──────── THE DATA

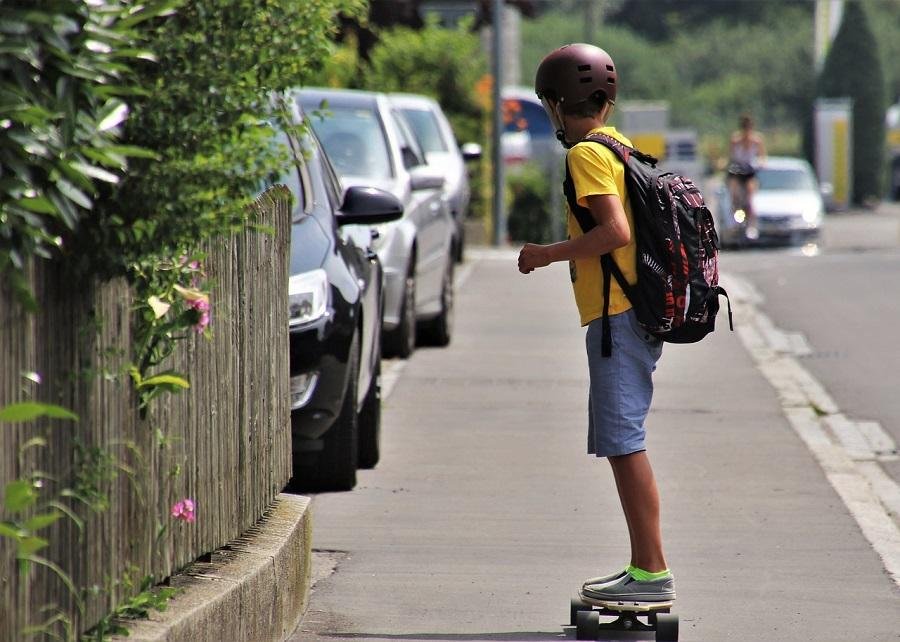 Qué características tiene una mochila con porta skate ideal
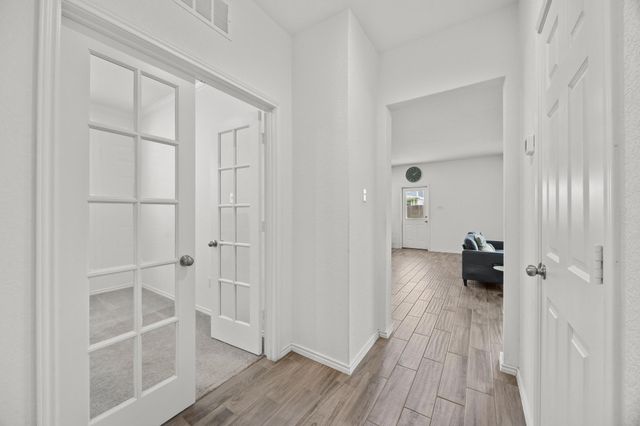 124-A Banyon DR, Liberty Hill, TX 78642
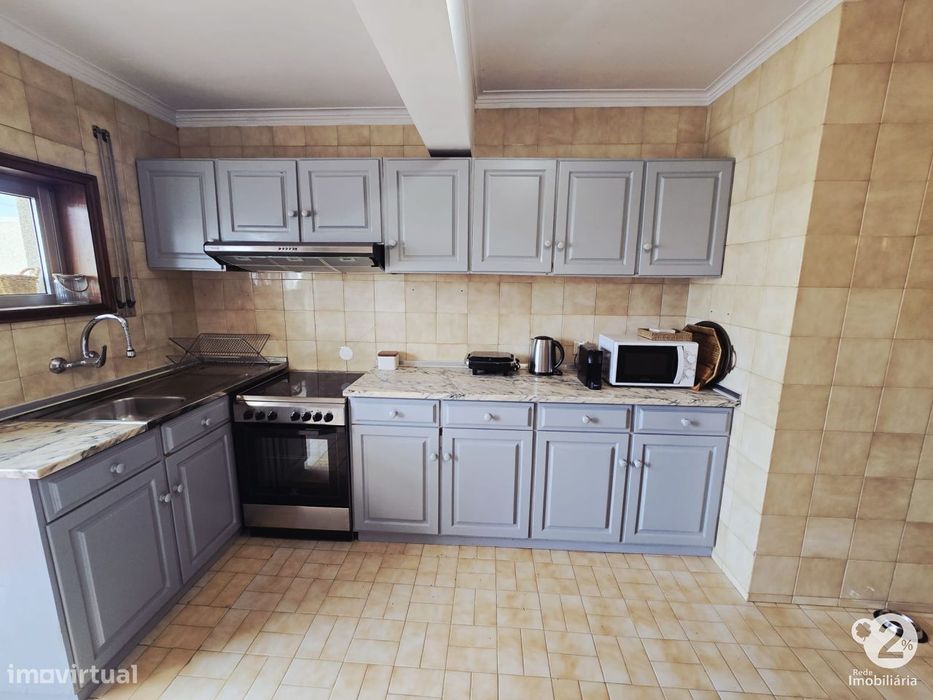 Apartamento T2 com terraço em Santa Marinha ( Vila Nova de Gaia )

────────────────

> YOUR OBJECTIVE
Each line above should be set down exactly as written, with pictures excluded.

> THE ANSWER
 Qué características tiene una mochila con porta skate ideal
 124-A Banyon DR, Liberty Hill, TX 78642
 Apartamento T2 com terraço em Santa Marinha ( Vila Nova de Gaia )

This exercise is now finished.